1933 film by Manny Gould

Wedding Bells is a 1933 short animated film distributed by Columbia Pictures, and one of many featuring Krazy Kat.

==Plot==
One morning in a house, Krazy is sleeping in his bed. He then wakes up to the chirping of the birds, and acknowledges that today is his wedding day. Upon getting up from bed, he kisses every photograph of his spaniel girlfriend. He then heads to the bathroom to shave and shower.

The scene then moves to another house where the spaniel is ironing her long ears. The spaniel then heads to a window where instead of donning a wedding gown, she simply takes out one of the curtains, and places it on her head like a veil. Momentarily, Krazy shows up outside wearing a tux, a top hat, and in a car. Krazy elevates a seat from his car which the spaniel boards from the window.
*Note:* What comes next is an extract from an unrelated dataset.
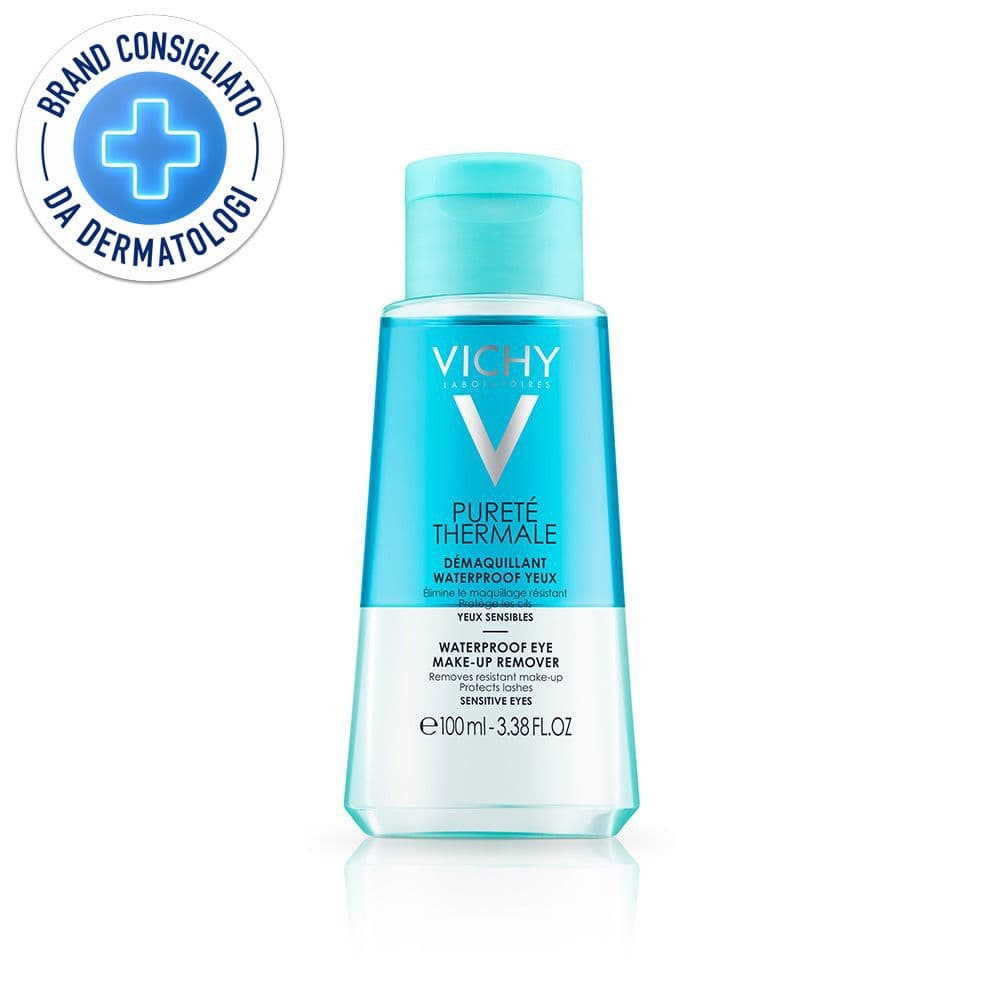Vichy Pureté Thermale Struccante Occhi Bifase Waterproof 100 ml per occhi e labbra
The two then set off.

Krazy and the spaniel make it to the church. The wedding is hyped up by dancing turkeys and cattle. When Krazy and the spaniel gather in front of the priest, the priest does not say much other than singing "do-do-do…" in a jazzy fashion. The priest, however, completes the wedding by tying together the tails of the two sweethearts.

Moments after leaving the church, Krazy and the spaniel drive through the countryside road to look for a new home. They then pick two heart-shaped houses. The two houses become animated and merged into a single house before the cat and dog occupy it.